A bulldozer is a crawler (continuous tracked tractor) equipped with a substantial metal plate (known as a blade) used to push large quantities of soil, sand, rubble, or other such material during construction or conversion work and typically equipped at the rear with a claw-like device (known as a ripper) to loosen densely compacted materials.
Bulldozers can be found on a wide range of sites, mines and quarries, military bases, heavy industry factories, engineering projects and farms.
The term "bulldozer" refers only to a tractor (usually tracked) fitted with a dozer blade.
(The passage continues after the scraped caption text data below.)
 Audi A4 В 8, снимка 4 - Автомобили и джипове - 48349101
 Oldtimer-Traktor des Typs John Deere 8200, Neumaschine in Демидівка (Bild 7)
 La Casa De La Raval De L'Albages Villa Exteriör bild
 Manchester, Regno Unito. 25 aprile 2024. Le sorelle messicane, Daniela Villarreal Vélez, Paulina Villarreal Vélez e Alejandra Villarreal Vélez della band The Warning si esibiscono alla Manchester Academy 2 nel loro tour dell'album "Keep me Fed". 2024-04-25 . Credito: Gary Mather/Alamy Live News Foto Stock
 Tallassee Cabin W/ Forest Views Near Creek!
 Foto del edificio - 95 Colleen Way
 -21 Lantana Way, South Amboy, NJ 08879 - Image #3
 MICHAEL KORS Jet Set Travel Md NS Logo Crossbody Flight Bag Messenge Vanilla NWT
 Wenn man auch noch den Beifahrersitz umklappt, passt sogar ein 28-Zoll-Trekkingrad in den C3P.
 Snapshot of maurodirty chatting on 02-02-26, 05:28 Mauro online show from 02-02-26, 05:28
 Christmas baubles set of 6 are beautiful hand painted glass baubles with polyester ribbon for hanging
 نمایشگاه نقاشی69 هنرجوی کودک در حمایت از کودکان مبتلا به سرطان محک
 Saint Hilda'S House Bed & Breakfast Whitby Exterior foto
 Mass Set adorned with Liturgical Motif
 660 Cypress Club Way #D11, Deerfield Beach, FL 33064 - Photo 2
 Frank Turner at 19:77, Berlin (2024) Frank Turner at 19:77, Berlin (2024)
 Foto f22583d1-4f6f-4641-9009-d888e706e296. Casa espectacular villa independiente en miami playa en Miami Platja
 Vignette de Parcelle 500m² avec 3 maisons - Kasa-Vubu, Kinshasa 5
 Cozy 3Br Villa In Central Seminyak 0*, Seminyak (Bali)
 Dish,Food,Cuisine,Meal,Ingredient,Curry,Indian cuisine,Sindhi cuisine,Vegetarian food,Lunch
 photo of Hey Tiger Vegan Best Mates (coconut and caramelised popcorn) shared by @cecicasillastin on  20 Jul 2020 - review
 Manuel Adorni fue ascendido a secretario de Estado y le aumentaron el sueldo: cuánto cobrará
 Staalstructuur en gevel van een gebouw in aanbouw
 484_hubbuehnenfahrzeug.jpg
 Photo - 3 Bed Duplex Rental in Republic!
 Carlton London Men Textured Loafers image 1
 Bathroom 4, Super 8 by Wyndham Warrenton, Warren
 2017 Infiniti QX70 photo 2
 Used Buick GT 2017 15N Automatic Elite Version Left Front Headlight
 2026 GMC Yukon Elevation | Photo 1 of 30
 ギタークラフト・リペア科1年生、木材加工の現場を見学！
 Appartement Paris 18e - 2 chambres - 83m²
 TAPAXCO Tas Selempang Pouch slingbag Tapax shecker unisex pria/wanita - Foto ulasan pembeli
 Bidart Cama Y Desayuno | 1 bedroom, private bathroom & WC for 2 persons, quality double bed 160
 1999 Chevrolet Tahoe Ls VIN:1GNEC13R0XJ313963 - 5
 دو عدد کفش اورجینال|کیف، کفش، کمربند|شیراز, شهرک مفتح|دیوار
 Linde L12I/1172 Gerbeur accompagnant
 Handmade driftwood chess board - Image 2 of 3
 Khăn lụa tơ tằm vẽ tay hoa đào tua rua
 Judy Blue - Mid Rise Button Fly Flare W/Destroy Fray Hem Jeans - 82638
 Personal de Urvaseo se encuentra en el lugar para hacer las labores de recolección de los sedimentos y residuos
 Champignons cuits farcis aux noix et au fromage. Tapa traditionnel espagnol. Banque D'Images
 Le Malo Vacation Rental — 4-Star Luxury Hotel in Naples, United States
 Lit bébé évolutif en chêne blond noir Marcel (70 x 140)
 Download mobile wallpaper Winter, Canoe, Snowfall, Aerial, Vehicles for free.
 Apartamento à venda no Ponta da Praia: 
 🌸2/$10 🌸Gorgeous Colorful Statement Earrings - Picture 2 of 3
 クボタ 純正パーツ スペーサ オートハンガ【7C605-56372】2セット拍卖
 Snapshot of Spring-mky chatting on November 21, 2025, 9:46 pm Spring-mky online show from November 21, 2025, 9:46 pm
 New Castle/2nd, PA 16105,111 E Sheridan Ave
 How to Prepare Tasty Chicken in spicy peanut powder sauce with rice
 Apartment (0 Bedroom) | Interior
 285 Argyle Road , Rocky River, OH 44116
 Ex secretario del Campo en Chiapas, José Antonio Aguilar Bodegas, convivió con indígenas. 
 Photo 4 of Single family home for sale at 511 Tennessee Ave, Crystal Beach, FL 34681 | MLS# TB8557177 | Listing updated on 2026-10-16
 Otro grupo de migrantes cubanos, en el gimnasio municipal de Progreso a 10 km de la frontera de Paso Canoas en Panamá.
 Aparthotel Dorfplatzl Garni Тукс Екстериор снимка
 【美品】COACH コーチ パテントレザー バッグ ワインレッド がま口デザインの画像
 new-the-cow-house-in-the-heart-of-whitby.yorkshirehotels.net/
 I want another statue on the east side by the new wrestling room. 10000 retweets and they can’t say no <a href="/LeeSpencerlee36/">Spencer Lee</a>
Most often bulldozers are large and powerful tracked heavy equipment. The tracks give them excellent ground holding capability and mobility through very rough terrain. Wide tracks help distribute the bulldozer's weight over a large area (decreasing ground pressure), thus preventing it from sinking in sandy or muddy ground. Extra wide tracks are known as swamp tracks or LGP (low ground pressure) tracks. Bulldozers have transmission systems designed to take advantage of the track system and provide excellent tractive force.
Because of these attributes, bulldozers are often used in road building, construction, mining, forestry, land clearing, infrastructure development, and any other projects requiring highly mobile, powerful, and stable earth-moving equipment.
Another type of bulldozer is the wheeled bulldozer, which generally has four wheels driven by a 4-wheel-drive system and has a hydraulic, articulated steering system. The blade is mounted forward of the articulation joint, and is hydraulically actuated.